Perhaps the best way to understand a culture and its place in history is through its art, and certainly the black music of the '70s, amply represented over the course of six CDs on Can You Dig It?, is perhaps the best place to start. With 136 tracks it's a daunting endeavor for the listener, but it's never an ordeal, because these are among the most engaging songs to be found in any form of popular music.
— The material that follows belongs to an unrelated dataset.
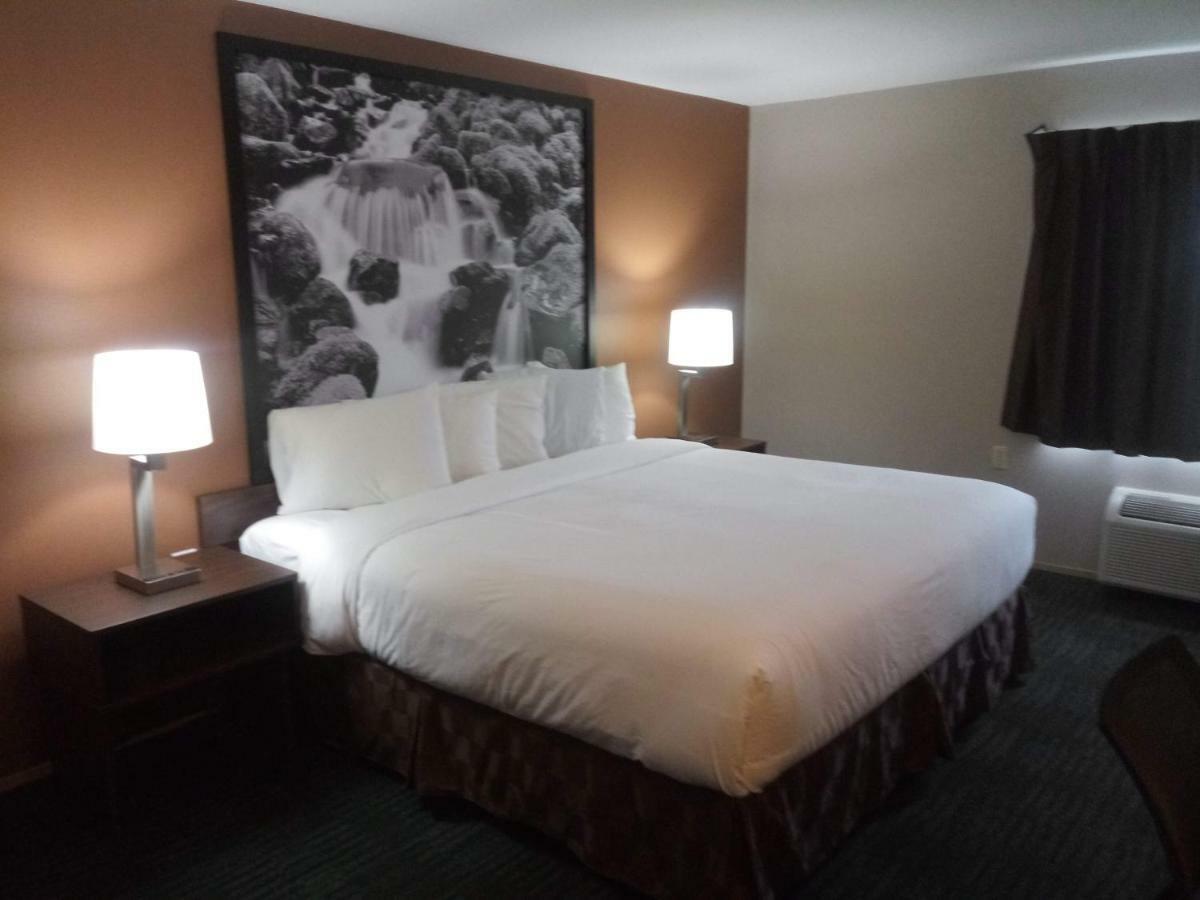 Motel Super 8 By Wyndham Lynnwood Zewnętrze zdjęcie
Moving chronologically through the decade (although the first few tracks on Disc 1 are from 1969), the set kicks off with the Friends of Distinction's breezy "Grazing in the Grass" and grooves through memorable hits like Sly Stone's "Everybody Is a Star" and the Delfonics glorious "Didn't I (Blow Your Mind This Time)." Along the way are such wondrous songs as the 5 Stairsteps' "O-O-H Child," the Persuaders' "Thin Line Between Love and Hate" and Al Green's "Let's Stay Together." For every tune that racked up time on the charts, there's an obscure nugget waiting to be rediscovered, like "Hearsay" by the Soul Children and Timmy Thomas' "Why Can't We Live Together," which experiments with an early beat box. Throughout, the music is funky, transcendent and diverse. It is also urbane, witty, insouciant, rough, relaxed, angry and intense. It is human.

Housed in a beautifully designed 8-Track carrying case that includes a 100-page booklet featuring extensive liner notes and a hilarious glossary of slang terms like 'frocular eclipse ("a phenomenon caused by the total or partial obscuring of the sun by a particularly fly blow-out") and split ("to evacuate the scene"), there's enough here to keep one groovin' for decades to come.

So, how does one ultimately define something as disparate as soul? Perhaps Werner sums it up best: "Soul refused to accept anyone's definitions of what it ought to be or do. It could soothe your soul or make you think, turn the dance floor into a cauldron of communal energy or the bedroom into an oasis of sexual healing. Every soul star had a highly personal way of being black, and together they told you more about the meaning of soul than a library full of pamphlets."

Can you dig it? If so, you can't live without this collection.